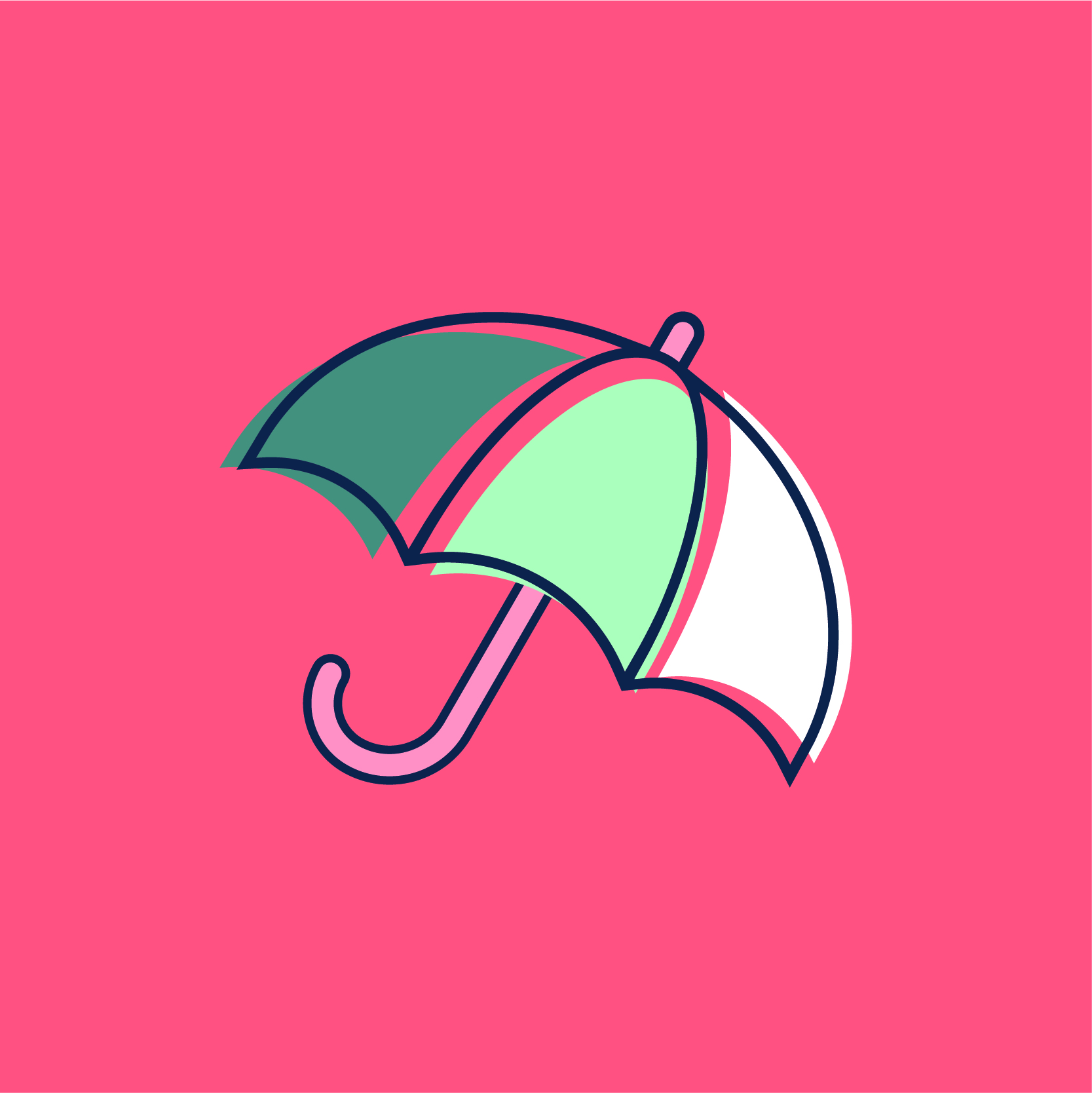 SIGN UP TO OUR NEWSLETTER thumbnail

***

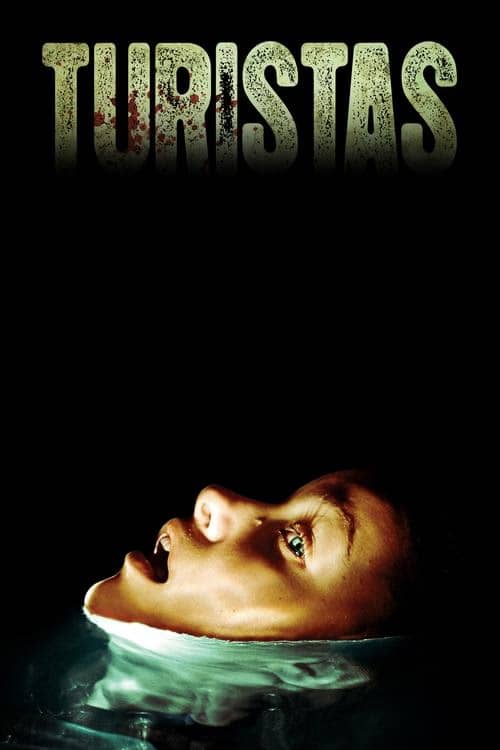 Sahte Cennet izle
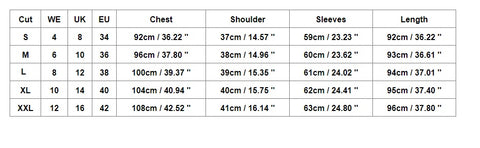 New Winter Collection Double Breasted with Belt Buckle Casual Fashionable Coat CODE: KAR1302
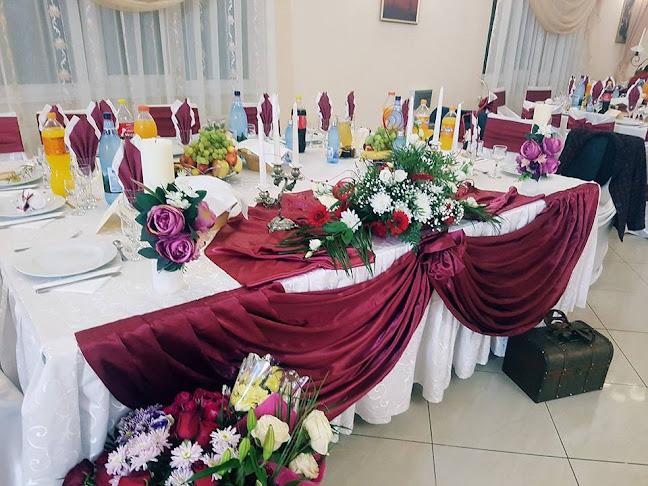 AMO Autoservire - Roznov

***

**Assignment:**
With the pictures left out, write out exactly the lines above from the one containing "New Winter Collection" through the one containing "AMO Autoservire - Roznov".

**Reply:**
 New Winter Collection Double Breasted with Belt Buckle Casual Fashionable Coat CODE: KAR1302
 AMO Autoservire - Roznov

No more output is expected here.